**Assignment**
Only the lines from the one containing "Анальная пробка черного" through the one containing "0.04ct Diamond, Topaz" should be printed, exactly as they appear below, with both ends included.

**Data extract**
=== Section Start ===

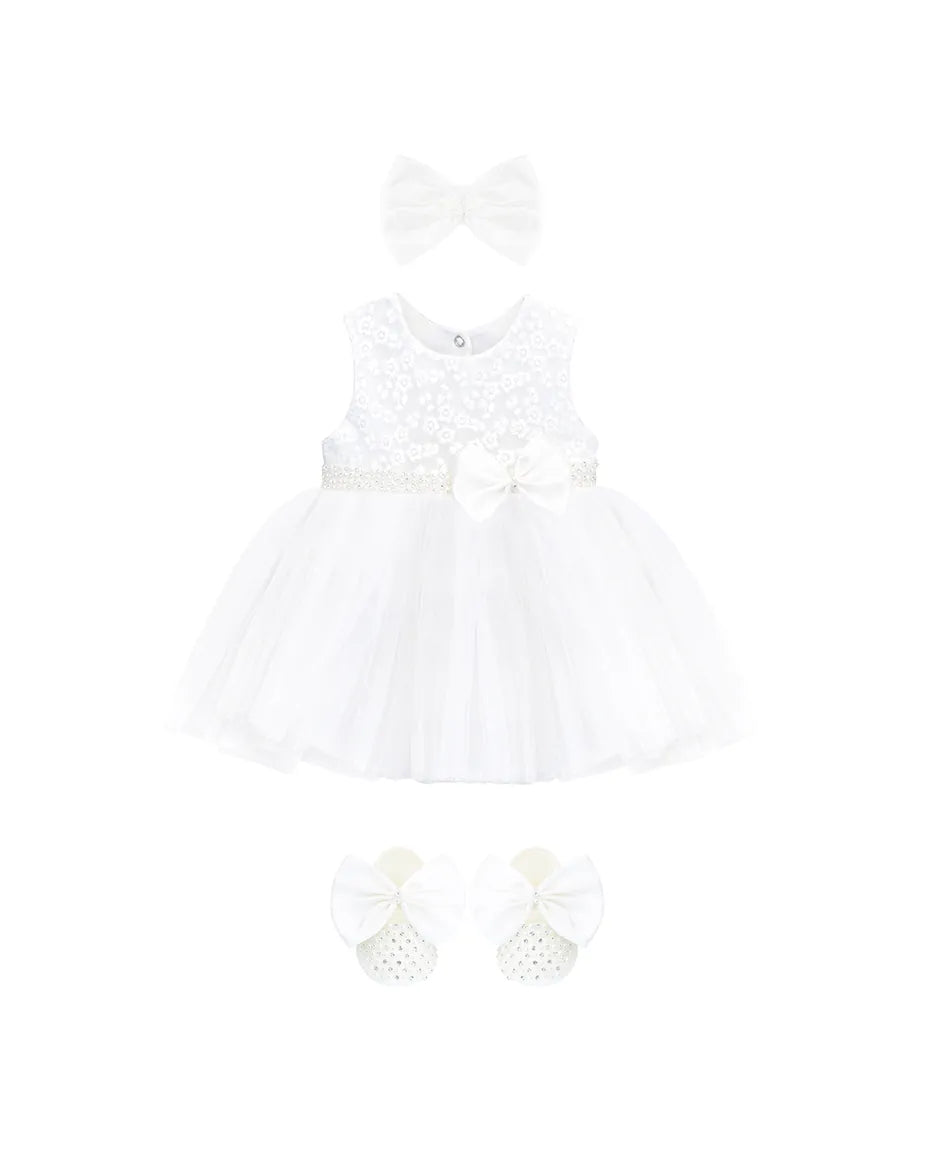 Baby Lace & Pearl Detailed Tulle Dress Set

=== Section End ===
=== Section Start ===

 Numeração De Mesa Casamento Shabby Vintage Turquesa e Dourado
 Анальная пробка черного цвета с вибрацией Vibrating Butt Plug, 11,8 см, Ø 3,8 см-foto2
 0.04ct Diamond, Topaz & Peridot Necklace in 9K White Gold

=== Section End ===

**Output below**
 Анальная пробка черного цвета с вибрацией Vibrating Butt Plug, 11,8 см, Ø 3,8 см-foto2
 0.04ct Diamond, Topaz & Peridot Necklace in 9K White Gold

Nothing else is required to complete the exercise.